Alexey · August 14, 2020, 7:32pm

We already have some:

SGC · August 14, 2020, 9:21pm

there can be no doubt that it is bad for storj and bad for the SNO’s if good nodes are DQ for the wrong reasons and steps will continually be taken to fix such issues as they are understood and when time can be allotted for fixing them.

So report if you got a problem or experience a failure, keep an eye on your node from time to time, and if at all possible setup some kind of alert to warn you of potential problems.

also make sure your disk’s are healthy and if not consider replacing them or upgrading to a larger and begin a new node on the old drive…

and most importantly keep calm and keep storjing

Pac · August 14, 2020, 10:45pm

Yeah well… I’m not sure all SNOs who got suddenly DQed in just a few hours would be happy to just keep Storjing ^^

That is indeed a great improvement and I’m looking forward to it.
I’m wondering what’s gonna happen to the docker container though if the node software shuts itself down… will it keep rebooting for ever until the error is fixed? Or is the node software gonna “not really shut down”, but put itself in an inactive state with a message on the dashboard maybe?

Right, cheers. I should check them out.

SGC · August 15, 2020, 5:59am

me and kevink discussed node states at one time… one of the best ideas imo, was to simply through the os run a dedicated nic for the storagenode or virtual nic and then ifdown it if a dead man switch isn’t triggered in time…

that should in any all just about all cases kill the connection completely not matter the states of the different softwares or most hardware of the OS

i managed to put my debian / proxmox into a state where i cannot access or close the storagenode… tho i can view the logs and it’s still running… i cannot reboot the machine, but i can still put in certain commands that doesn’t essentially require disk access

i did this by removing my l2arc without using the right command in zfs… which basically stalls the entire pool in one big lag of which it never recovers… takes like hours to just get the system to reboot and my watch dog will not catch it because the os is essentially working.

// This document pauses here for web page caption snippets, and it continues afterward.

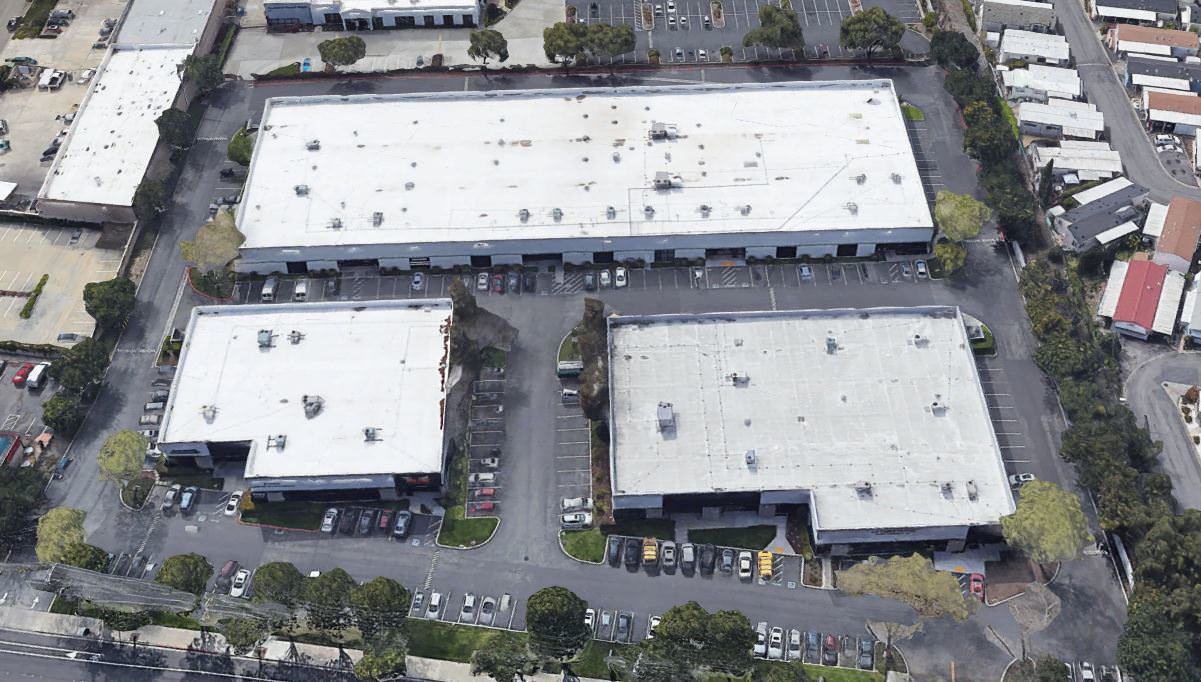 Top view of several building with white roofs that is surrounded by a parking lot full of cars.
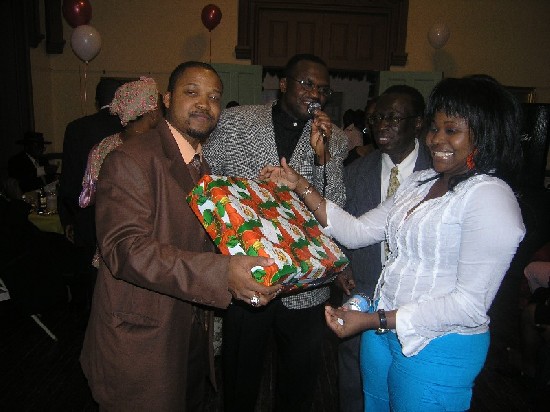 Mr. CNN, Patrick Gyan, Ata Amoyaw present the first prize raffle winner to Sister Margaret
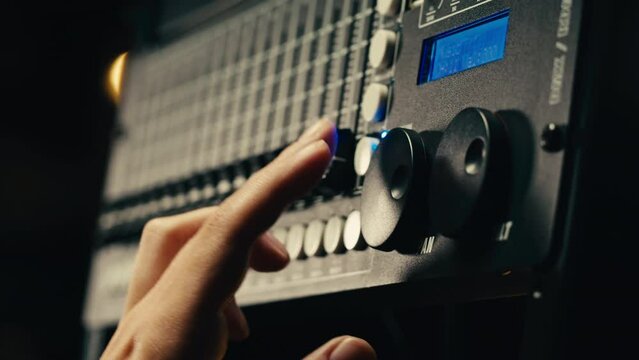 Soundboard pads station close-up. Sound designer use digital audio mixer in production studio. Sound engineer sliders in radio station. Engineer press key buttons control desk recording TV studio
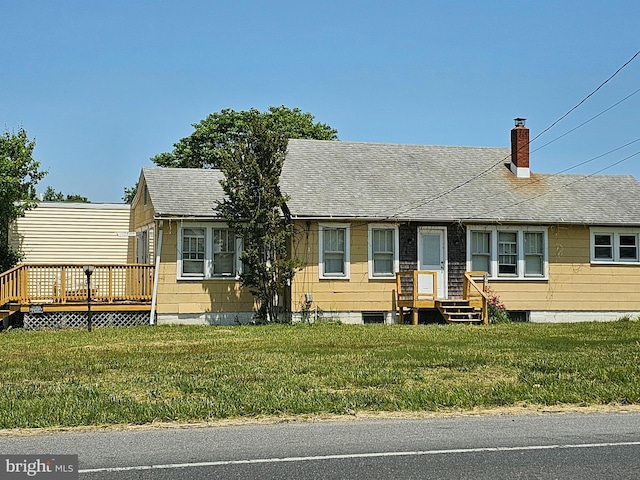 view of front of house featuring a deck and a front lawn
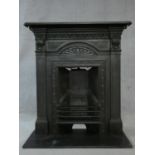 An ornately cast 19th century iron fire surround, mantel shelf and insert with grate on marble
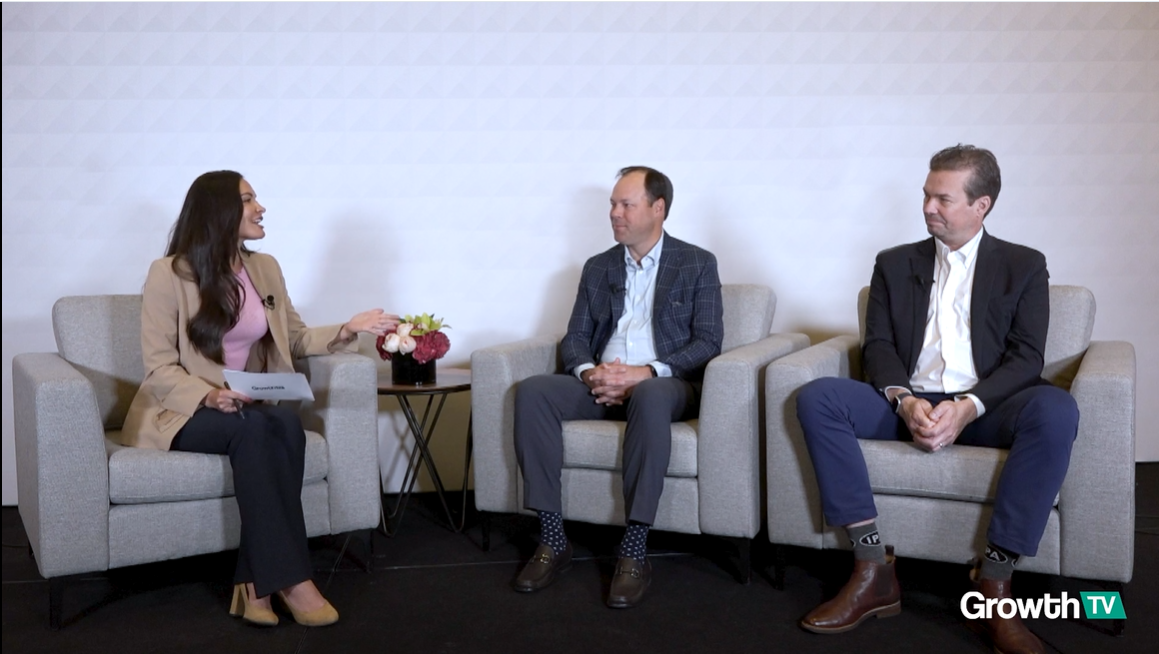three people sitting next to eachother during a discussion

even trying to shutdown the storagenode would take beyond 30minutes… tried to wait for it… but at one point i didn’t dare to wait any longer…

i have no doubt that state would have killed my node outright if i had left it in it… because the node was clearly working and the storage was sort of resporting … from time to time even tho it took like 10-15 min to do a basic ls

the log was also screaming error

Alexey · August 15, 2020, 7:09am

The docker container will be restarted by docker daemon, if you specified the --restart unless-stopped flag in the docker run command. However, if you put your data and identity on the disk in own subfolders, the docker will start the container but storagenode will fail because the path doesn’t exist and since it’s a subfolder it can’t start from scratch in the empty mountpoint. So, the container will be in “restarting” state until you fix the problem.